Data for analysis:
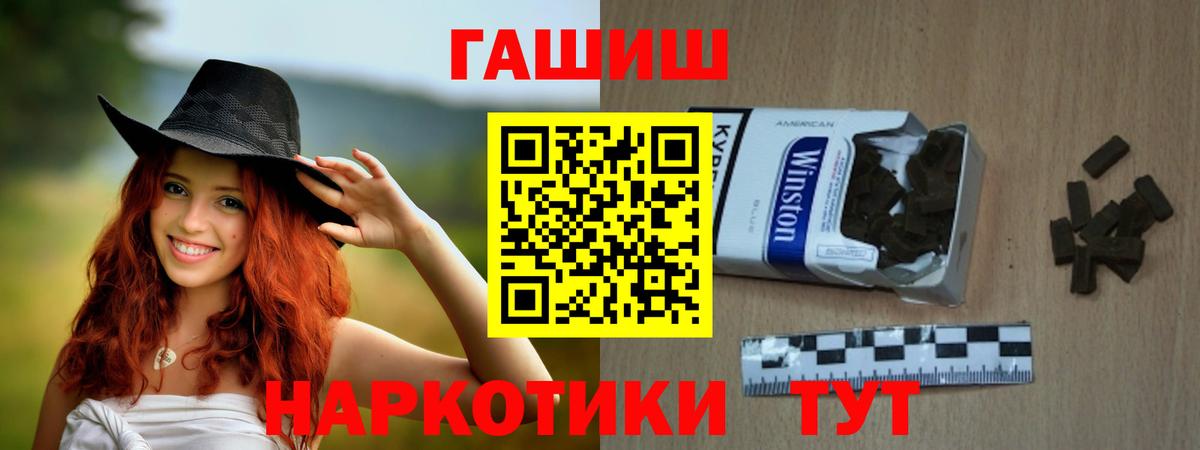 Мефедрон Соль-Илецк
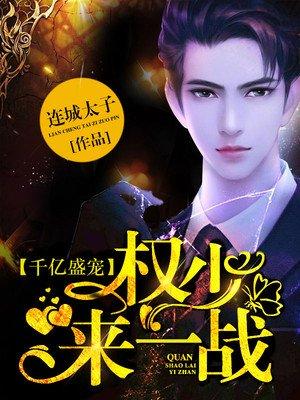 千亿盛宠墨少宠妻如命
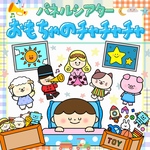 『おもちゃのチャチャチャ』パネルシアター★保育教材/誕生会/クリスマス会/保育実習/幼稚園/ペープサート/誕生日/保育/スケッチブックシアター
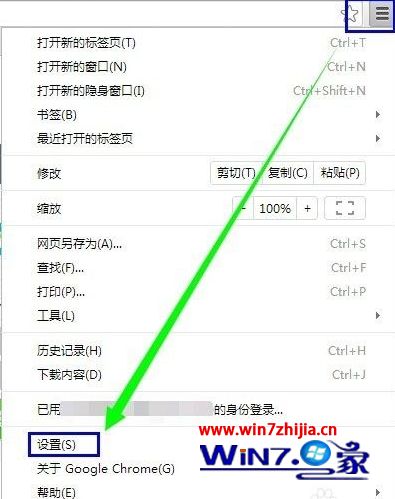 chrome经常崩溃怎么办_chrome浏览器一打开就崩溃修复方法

---

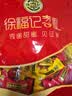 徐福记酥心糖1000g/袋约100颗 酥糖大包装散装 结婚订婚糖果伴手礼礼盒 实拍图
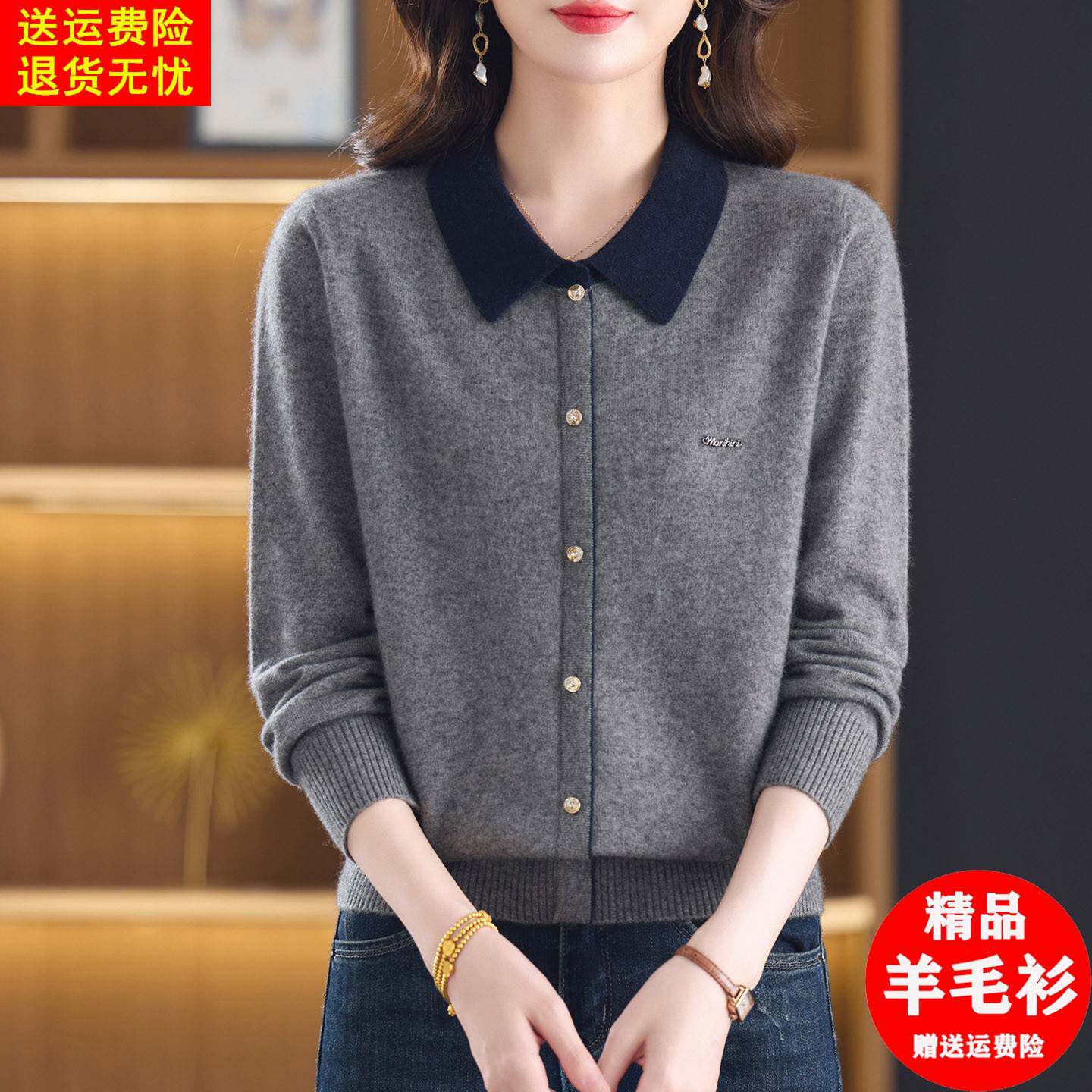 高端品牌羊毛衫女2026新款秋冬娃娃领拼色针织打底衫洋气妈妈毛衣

Exercise prompt:
Using the material above, reproduce only the lines that run from the line with "Мефедрон Соль-Илецк" up to and including the line with "chrome经常崩溃怎么办_chrome浏览器一打开就崩溃修复方法", exactly, with the pictures dropped.

Answer section:
 Мефедрон Соль-Илецк
 千亿盛宠墨少宠妻如命
 『おもちゃのチャチャチャ』パネルシアター★保育教材/誕生会/クリスマス会/保育実習/幼稚園/ペープサート/誕生日/保育/スケッチブックシアター
 chrome经常崩溃怎么办_chrome浏览器一打开就崩溃修复方法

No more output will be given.